I know much more about my mother’s family, and her mother’s
family. Here is a formal photo, from about 1928. My mother, Leah, sitting
demurely in front, looks to be about 10, and her sister, Anita, standing next
to her, would have been about four. Their parents stand behind them on the
right, their mother, Elizabeth, gazing
appraisingly toward the camera, their father, Sam, looking anywhere but at the
camera. Had he lost his job by this point? He was a fur worker, a union organizer,
and a member of the Communist Party, and the “reds” were being hounded out of
fur shops in the 1920s by company goons, according to Philip Foner’s history of
the Fur and Leather Workers Union, published in the late 1940s—which includes Grandpa
Sam in the index and in the photo insert. He and his union colleagues sometimes
sat in front of fur and leather shops, where many Jews worked, and
ostentatiously ate ham sandwiches; they were trying to break the religious hold
on workers by showing they wouldn’t be struck down for eating traife.
I don’t
know what occasioned this photo. Everyone is very dressed up, especially my
great-grandmother, sitting on the left. My grandmother, the oldest of three
children, is the plainest dressed in this photo. Did this bother her? My mother
told me her mother was a good wife: her husband was a leftist, so she was, but
if she had married a rabbi, she would have been a good rebbetzin.
My mother’s
Aunt Esther is on the left, with her husband, Morris Rappaport. Morris was a
CPA, and prosperous. When I was young and visiting the relatives in Brooklyn,
Esther showed off her mink coat. Her sister didn’t have a mink coat or a fur of
any kind. My mother tells me that when she was young and her father was still
working in the fur shops, he would bring home scraps of fur and put them
together into little fur coats for her and her sister. Morris remained lean
throughout his life, while Esther became more corpulent, like her mother. In
1930, they had one daughter, Honey Lee, who had rheumatic fever as a child.
That damaged her heart, and she died in her thirties. Honey was born 12 years
after my mother, I was born 12 years after Honey, and Honey’s first daughter,
Randy, was born 12 years after me. I broke the pattern when Christie wasn’t
born until Randy was 18—and I was out of touch with the part of the family
Honey’s
husband worked at NBC as some sort of technician, and when I was six or seven,
he got me onto The Howdy Doody Show
as one of the Peanut Gallery. I really didn’t want to be part of the show, I
just wanted to watch it, so being in it felt excruciatingly awkward. I sat in
the back, so as to be as invisible as possible.
My mother’s
Uncle Louie, in the center, is not married yet in this photo. He and his wife,
Millie, had no children, so my mother had only one cousin on her mother’s side.
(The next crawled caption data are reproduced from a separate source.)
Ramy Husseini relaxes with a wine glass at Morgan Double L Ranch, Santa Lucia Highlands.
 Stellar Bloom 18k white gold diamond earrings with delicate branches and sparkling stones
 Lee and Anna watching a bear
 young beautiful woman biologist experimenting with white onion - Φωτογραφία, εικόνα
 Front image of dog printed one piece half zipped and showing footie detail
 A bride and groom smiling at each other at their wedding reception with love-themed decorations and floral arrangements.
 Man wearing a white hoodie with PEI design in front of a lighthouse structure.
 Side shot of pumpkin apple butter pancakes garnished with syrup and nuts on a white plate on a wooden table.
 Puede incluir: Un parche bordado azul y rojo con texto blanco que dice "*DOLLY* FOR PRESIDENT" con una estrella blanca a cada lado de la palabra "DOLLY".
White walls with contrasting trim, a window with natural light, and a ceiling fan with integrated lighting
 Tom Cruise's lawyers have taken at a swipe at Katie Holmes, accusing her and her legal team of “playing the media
Louie was a liquor salesman, and he also was on the corpulent side. My
grandmother was the only one who remained slim. My mother told me that there
was constant feuding in the family, Liz and Esther against Louie, Louie and Liz
against Esther, Esther and Louie against Liz. My mother found this very
upsetting, but I was totally unaware of this emotional upheaval. Was it just my
self-absorption?
My
grandmother was the only one born back in Russia, in the town of Khotin (or
Hotin, or Chotin, depending on whether you were writing it in Russian,
Ukrainian, or Yiddish), near the border with the Ottoman Empire. The
region was called Bessarabia, and when I asked my grandparents where they were
from, they would say Bessarabia, not Russia. Nathan Mucinic, my
great-grandfather, sitting on the right, was the only son in a family of seven
children. His family owned a cigarette factory, and when Nathan’s father died,
his mother ran the factory herself for a while, but her son took over.
When Nathan
stopped paying the czar’s cigarette tax, he feared retaliation. He had traveled
to New York with his oldest daughter, then only five, around 1900, then
returned home. A few years later, he went back to New York with his wife and
daughter and settled in what was called the East Side, now known as the Lower
East Side or the East Village. By this time he had changed his name from
Mucinic to Ohrenstein, presumably to hide his identity from any czarist police
who might be after him.
The family
lived on the second floor of an apartment on East 9th Street facing Tompkins
Square Park. For a time, they ran a restaurant in their apartment for “landsman,” people from their region of the Old World; presumably, they would know
how to make food in this New World taste familiar. This is where my mother’s
parents met.
Nathan
continued his taste for flouting the law. He owned a car that he
claimed was bullet-proof, bought from a gangster. In the Prohibition era, he
also had a license to make sacramental wine, and presumably sold it to
speakeasies. Leah also remembers sitting in the kitchen with her mother,
grandmother, and aunt, signing different names in different handwriting to long
sheets of paper; she thinks these were political petitions to get favored
candidates onto the ballot. Another job for which Nathan was paid by Tammany
Hall, the local Democratic machine?
Here’s a
photo of his gravestone. One of these days I will go to the Center for Jewish
History and see if I can find out where in Brooklyn it is.